Deceptively Difficult Concept of the Day: Water Pipe coming out of the GROUND = Cold Water; Water Pipe coming out of the BOILER = Hot Water


Oh boy...sounds like a rant coming up. Should I prepare the court papers?


Unlike previous rants about Certain Useless Package delivery Services who shall remain nameless, I've decided to leave out the name of this week's Idiotic Large Faceless Atomatonic Coropration, choosing simply to refer to them by the completely fabricated name, "High's."


Yeah...good idea. Nobody will figure THAT out...


So not long ago, I bought a washing machine. It was at least fairly exciting, because I don't often buy major appliances, and to be once and for all rid of the days of coin-operated laundry facilities was a pretty liberating experience. Since I had a discount to "High's" Home Improvement store, I decided to get my machines there...they also have commercials you may have seen on the TV advertising free next-day delivery, install, and removal of old appliances. All of this pointed me in their direction.

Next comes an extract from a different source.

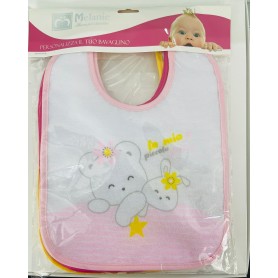 BAVETTE PZ 6 SPUGNA E PVC MELANIE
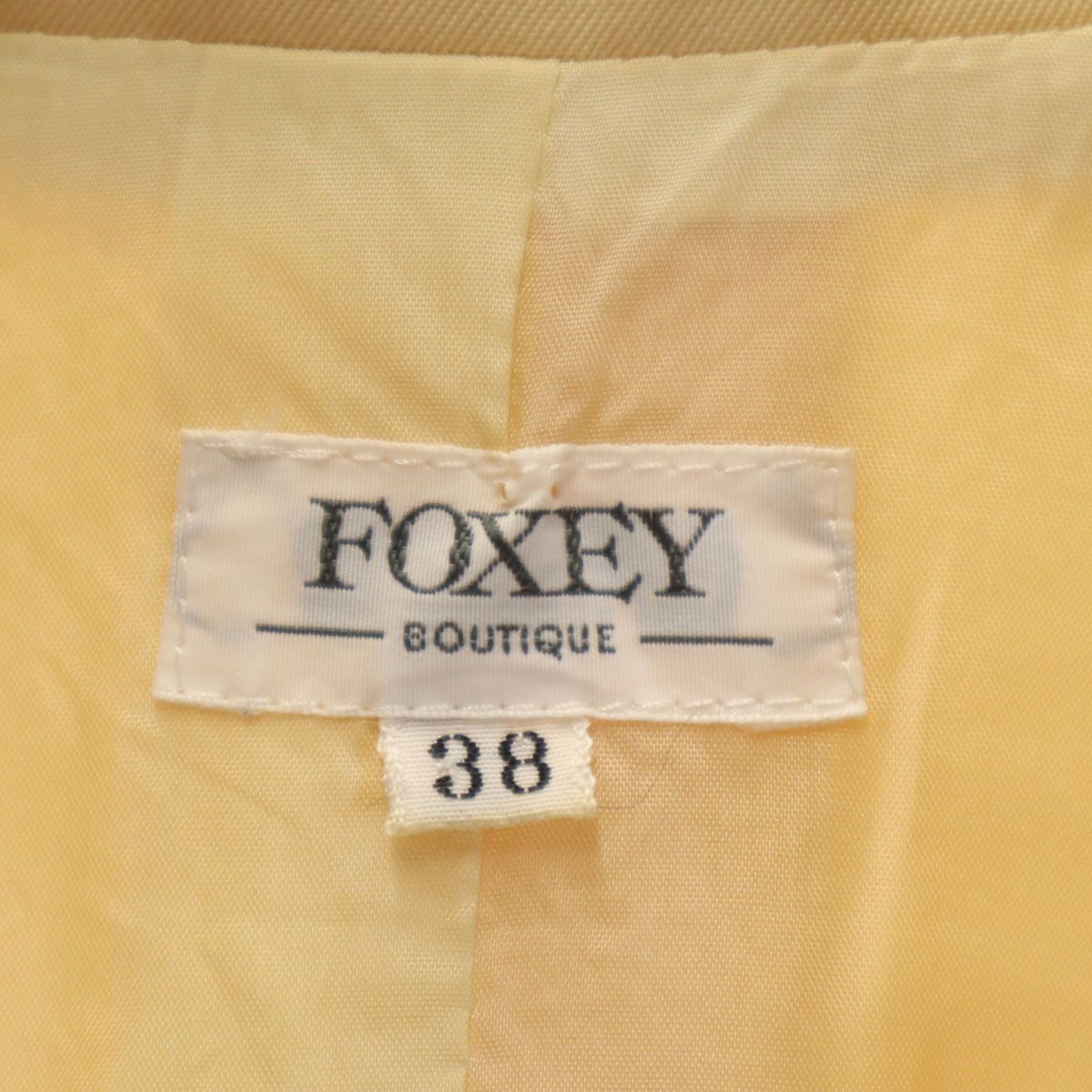 FOXEY フォクシー 日本製 ウール スカートスーツ 上下 セットアップ 38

Not a bad intro, and the hook seems to have worked at least fairly well...this may be your most well-constructed rant ever.

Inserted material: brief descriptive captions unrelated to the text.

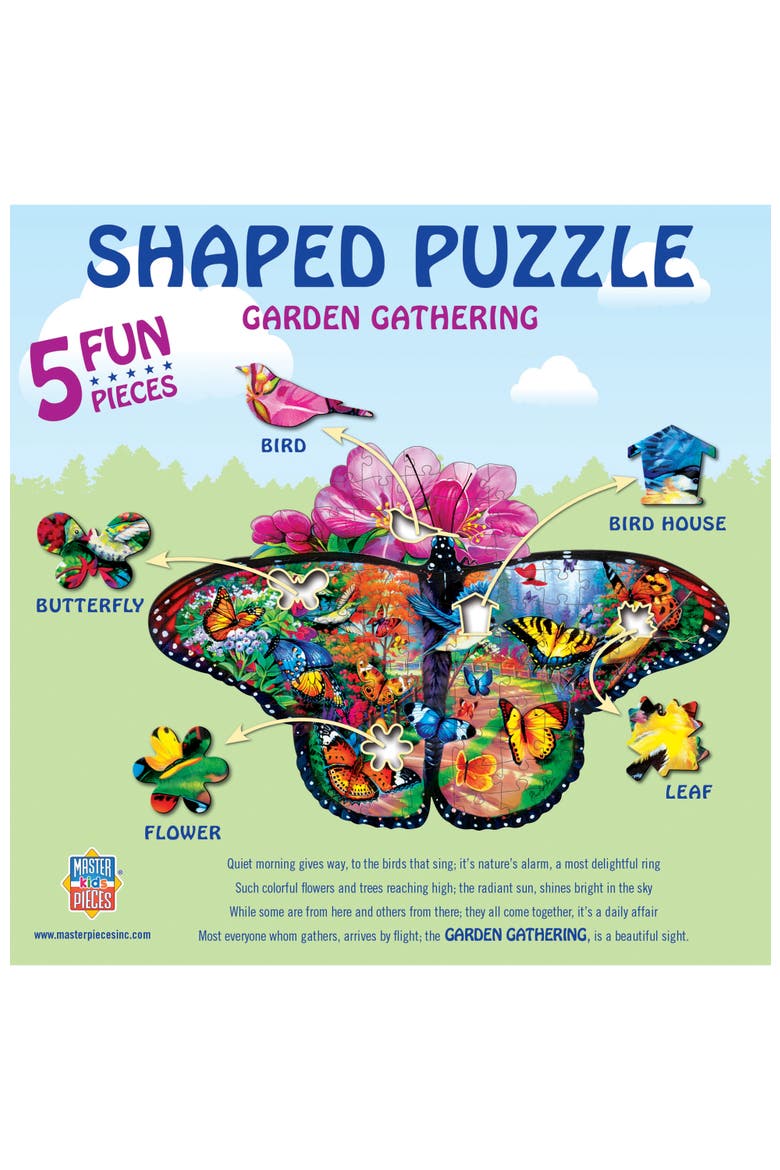 Garden Gathering 100pc Shaped Puzzle, Alternate, color, Multicolor
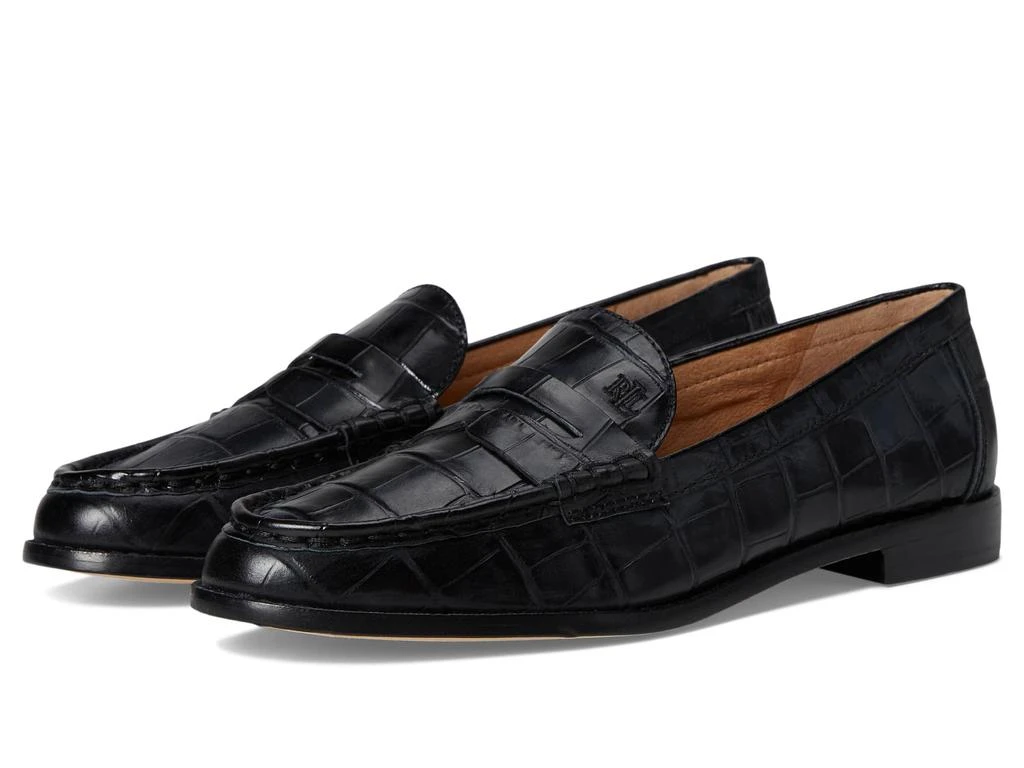 Wynnie Crocodile-Embossed Leather Loafer – On Sale Now with  display picture 3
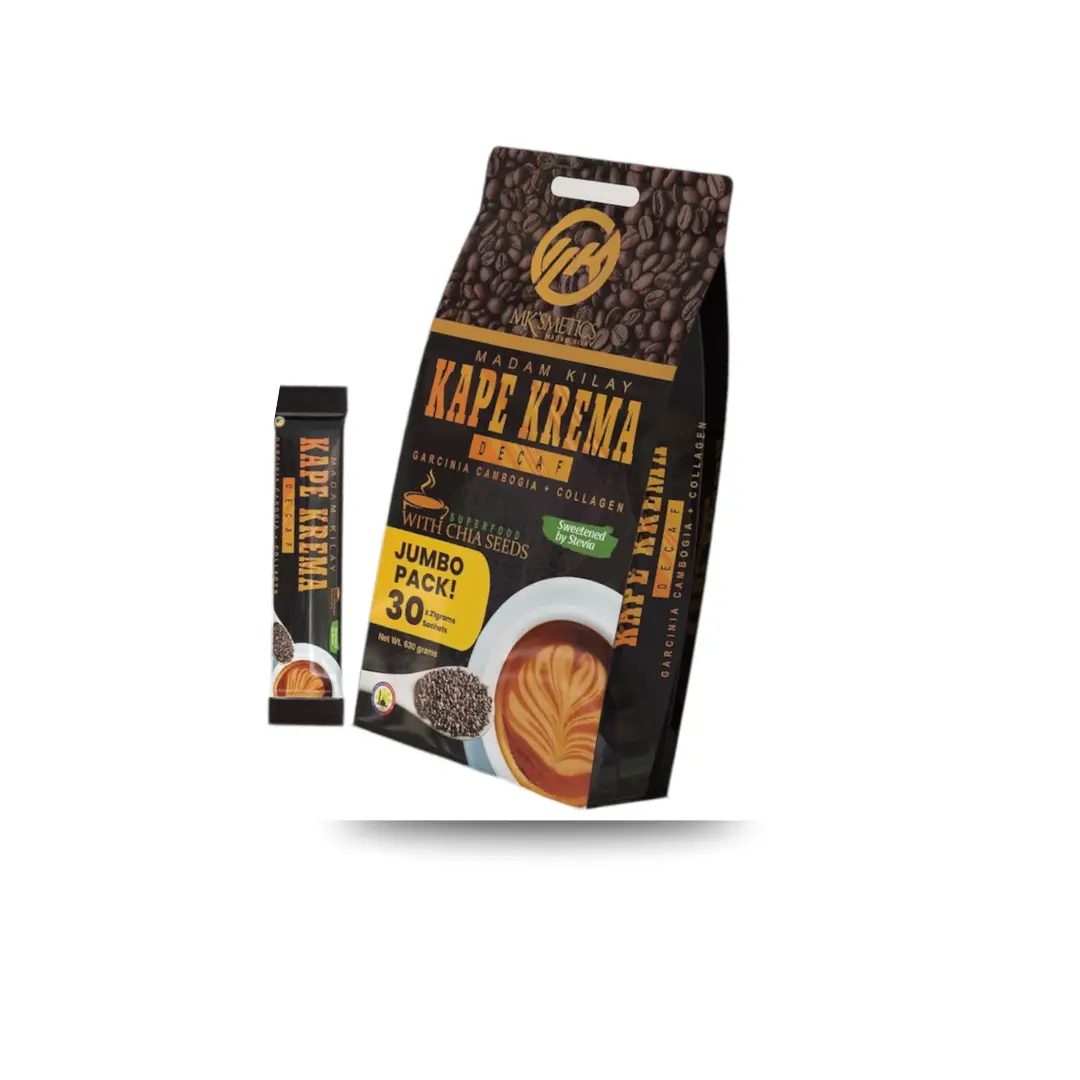 Madam Kilay Jumbo Kape Krema Decaf Coffee – 30 Sachets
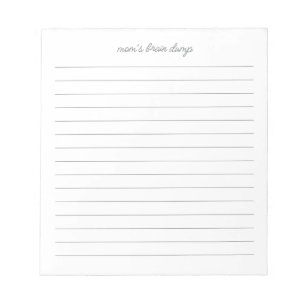 Mum's Brain Dump List Notepad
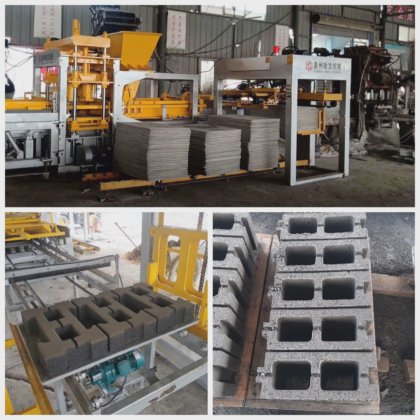hydraulic cement interlock paver making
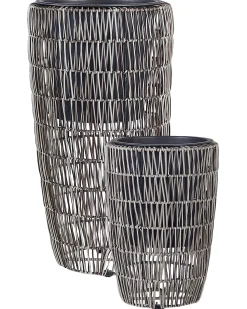 Zestaw 2 donic CHELONE Technorattan 26/34 cm Brązowy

Issue 1: I purchase the washer and dryer on a Tuesday, and the "Next Day" delivery was scheduled for the following monday. 6 days apparently equals 1 in the minds of "High's" employees.

Issue 2: The delivery isn't exactly "Free." You pay a delivery/install fee, then have to submit a rebate form to get the amount refunded to you in the form of a "High's" gift card to be used in the store. They're getting your money one way or the other.

Issue 3: They call on monday to schedule the deliver from "7 to 11." Not a problem, since I assume they mean 7PM to 11PM. Right around midnight is when I realized that 12AM seems like a strange time to be delivering appliances, so I go to bed and wait for 7AM on Tuesday...assuming that's what they meant, and I just got it wrong.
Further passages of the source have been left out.